次は感染した死体ではなく、メタリジウム自体でロンギフォレンを合成できるように遺伝子操作した Mp-Tps 株を樹立し、これによる感染でほとんどの蚊を殺せることを確認した後、野生の蚊を放した大きな部屋の中でメタリジウムとともに蚊の好む砂糖とともに設置すると、メスで73%、オスで81%が感染死することを確認している。

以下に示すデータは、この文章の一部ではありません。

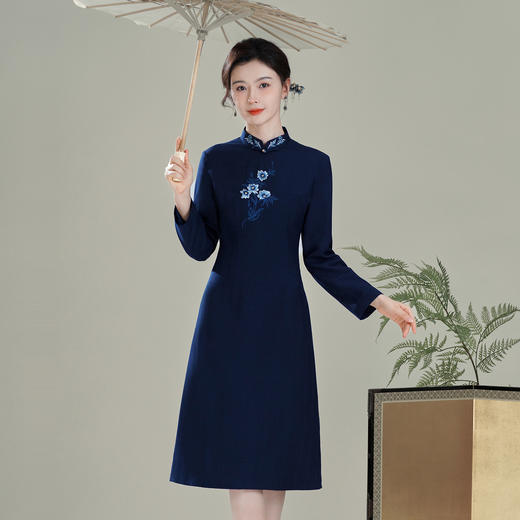 【彼岸】中国风改良复古绣花，日常修身旗袍连衣裙XGT-Q25111 商品图0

以上が結果で、殺虫剤の代わりに遺伝子操作メタリジウムを用いることで蚊の繁殖を抑えられる可能性が生まれた。もちろん感染した死体は他の昆虫を惹きつけて環境変化を誘導する可能性があるが、蚊は基本的に単独行動なので、アリ以外にはほとんど栄養がないと結論している。またアリについても紹介したように集団を守る仕組みがあることから、環境負荷にはならないと結論しているが、さてうまくいくやら。

もう一編はプリンストン大学からの論文で、チカ(地下)イエカと呼ばれる寒冷地の地下を住処として人の血を吸って繁殖しているアカイエカの系統の起原をゲノムから探った論文で、10月23日 Science に掲載された。タイトルは「Ancient origin of an urban underground mosquito(都会の地下に住む蚊は古代に分岐した)」だ。

今回研究の対象に選ばれたチカイエカはロンドン地下蚊とも呼ばれており、遺伝的に地上に住んで鳥の血を吸うアカイエカから分岐したことはわかっているが、人間の血を吸って寒冷地の地下で生息するように進化したのは都市化に適応した結果だと考えられていた。また、暖かい南ではチカイエカが地上で暮らし、遺伝子も地上のアカイエカに似ていることから、南では両者の交雑が起こった結果、ゲノムが似てきていると結論されてきた。

この研究では残された標本のDNAも含め、多くのチカイエカ、アカイエカのゲノムを解読し、従来の仮説を検証している。その結論だけをまとめると、アカイエカとチカイエカは少なくとも1000年以上前、おそらく農耕が始まって北への移動が始まった時期に、中東で分岐し、それが北上して寒冷地に適応する中で人間の血を吸い、地下で暮らすようになったことがわかった。

両者の交雑の頻度は低いが、暖かい地域の都市化とともに、一定の割合で起こっていることも示している。いずれにせよ、文明により昆虫が変化することは事実で、人間の歴史を表現する昆虫進化は今後も発見されるように思う。